Shadow education secretary, Tristram Hunt, has announced that he wants “all teachers licensed against tough new standards designed by our leading educationists”. This appealing and persuasive idea was first mooted under the last Labour government. It founded on ‘knee-jerk’ union opposition, of course, but how sensible it is meant to seem – a classroom MOT for teachers every five years.
Sadly, Mr Hunt’s proposal reveals a naivety and a lack of understanding of the educational world that should be a matter of concern given his position. Few of us would relish taking our vehicle to a garage run by a bunch of rogue mechanics. Putting so-called “leading educationists” in charge of teacher MOTs is the educational equivalent. And once you control the classroom MOT, of course, you control everything that goes on in the classroom.

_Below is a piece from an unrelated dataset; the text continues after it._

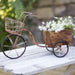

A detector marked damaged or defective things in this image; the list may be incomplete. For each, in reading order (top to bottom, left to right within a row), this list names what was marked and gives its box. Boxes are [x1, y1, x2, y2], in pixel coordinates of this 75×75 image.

rusty metal tricycle planter [1, 11, 71, 59]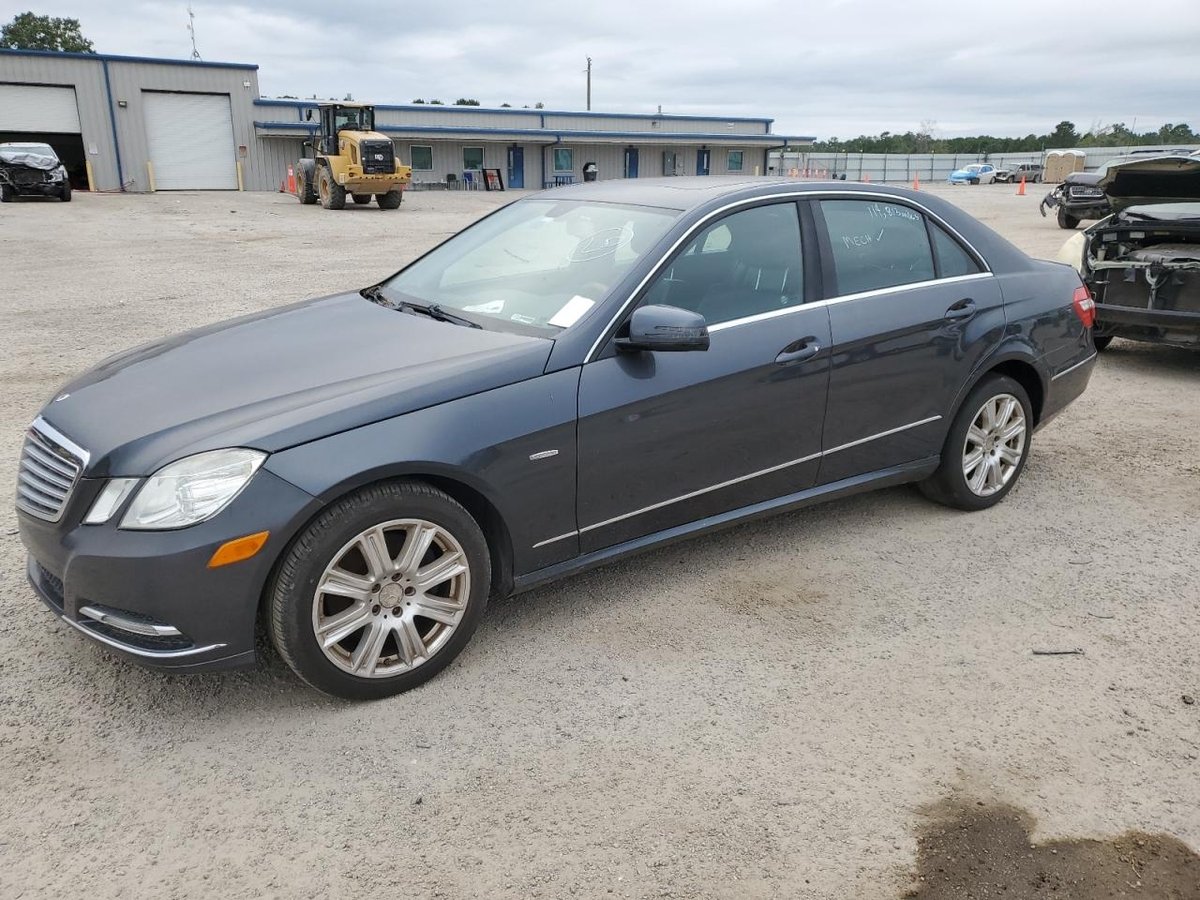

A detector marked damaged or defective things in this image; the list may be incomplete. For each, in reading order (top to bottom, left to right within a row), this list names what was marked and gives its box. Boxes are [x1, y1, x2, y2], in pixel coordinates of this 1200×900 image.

To his credit, Mr Hunt seems aware that our state school system has been failing for some time. Sadly, he seems unaware that the reason for this is that our so-called “leading educationists” have been in effective control for years. It is in these ‘guilty’ men and women that Tristram is, now, proposing to entrust even more control.
The “leading educationist”, the ‘experts’, have, to date, brought us illiteracy, innumeracy and unemployability on a scale unprecedented for an ‘advanced’ economy that has invested vast amounts of money in its schools. Employers are despairing of the inadequacies of many school leavers. Most universities now run remedial, ‘catch-up’ courses. International league tables place the UK in mid-table mediocrity, some way behind Vietnam and miles behind the best performers. Thank goodness we can recruit properly educated foreigners!
None of this has diluted a huge sense of self-congratulation within the Blob, the educational establishment. Compare public exam grades with those achieved 30 years ago, the ‘experts’ have long argued, and you will see ‘evidence’ of the greatest improvement in educational standards that the world has ever witnessed. Only recently, has the credibility gap grown too wide, even for politicians to sustain.
Nevertheless, the Blob remains triumphant. Bloated on its devouring of former education secretary Michael Gove and the compliant acquiescence of his successor, Nicky Morgan, its power has never been greater. Tristram Hunt is, now, promising it even more control.
He notion that things can put right by the very people who have caused the problems is as daft as that recently proposed by LibDem schools minister, David Laws. Mr. Laws is calling for the creation of an Education Standards Authority in order to “put subject experts in the driving seat rather than politicians”.
True, some politicians may have given the impression that they have been in charge of education but, for decades, the reality has been very different. Time and time again, government education policy has been hi-jacked by ‘experts’ from the Blob. The only notable exception was Michael Gove’s attempt to restore some sanity to the National Curriculum for History. He was, eventually, trounced by the Blob and forced into a climbdown of excruciating embarrassment. The new History document specifies, for example, the two World Wars and Churchill as “Examples (non-statutory]” of what classroom teaching of history “could include” but makes it a statutory requirement to teach either “early Islamic civilization” or “Mayan civilization” or “Benin (West Africa)”.
So much for politicians interfering to control what is taught in schools! So much for placing trust or reliance on Hunt’s “leading educationists”! We may, from time to time, have some need of “experts” but, as Churchill warned, they “should be on tap, but not on top.”